Industrial Relations Minister Grace Grace said the Queensland Government wanted parents to think about safety beforetheir kids jumped onto a quad bike.
“One in five deaths on quad bikes are children,” Ms Grace said
“Some just didn’t have the right training, some were on adult bikes which they had no chance of controlling, and frustratingly, half were not even wearing a helmet.
“That is why we have restarted the Ride ready quad bike safety advertising campaign this week, with a free app to download and helmet prizes on offer.”
Helping spread the message are Safety Advocates, Mario and Jodie Cocco.
The Coccos joined the safety advocate program after their 7-year-old son, Domenic, crashed a quad bike into a power pole which left him with life threatening injuries.
Watch the Ride ready adverts or listen to Mario and Jodie speak about quad bike safety at www.worksafe.qld.gov.au/rideready.
Ms Grace said quad bike-related injury and fatality statistics traditionally peaked during school holidays.
“Kids have time for lots of outside activities over the break, and riding quad bikes is right up there.
“Quad bikes are a useful tool on farms—and great fun when you have time on your hands—but it’s an absolute tragedy when a few basic safety rules are overlooked and the unthinkable happens.
“This campaign urges people to take a few basic safety precautions such as wearing helmets and keeping kids on appropriate sized bikes.

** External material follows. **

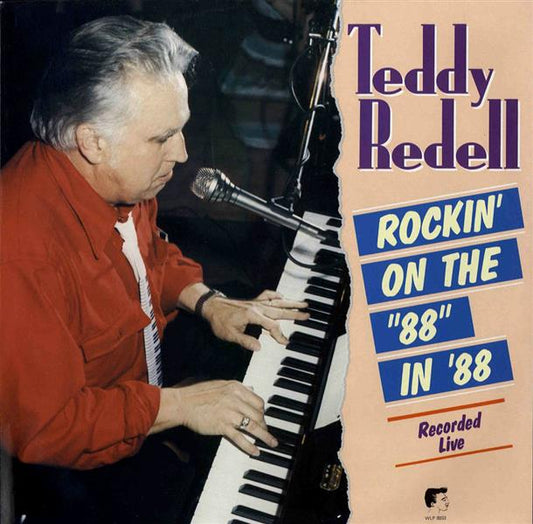 LP - Teddy Redell - Rockin On The 88 In '88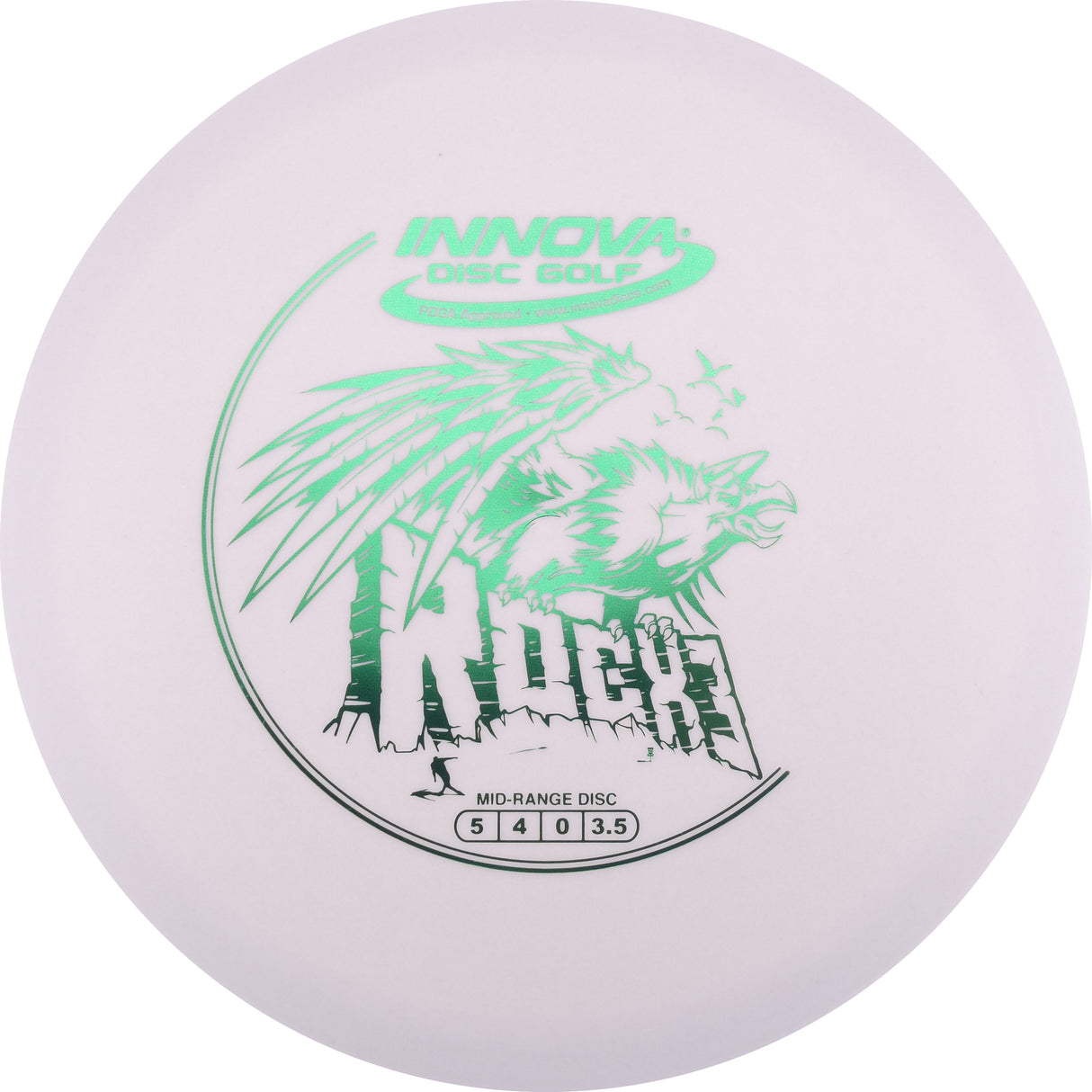 Innova DX RocX3 178-180g midrange disc golf disc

“These simple steps could avoid this holiday being one to remember for all the wrong reasons.”
Ms Grace said the Ride ready campaign was developed in response to a growing number of quad bike related deaths in Queensland.
“Over the past 15 years, more than 70 people have been killed in quad bike incidents in Queensland—nearly one third of all quad bike-related fatalities in Australia.
“And tragically about 20 per cent of Australia’s fatalities were children under the age of 16.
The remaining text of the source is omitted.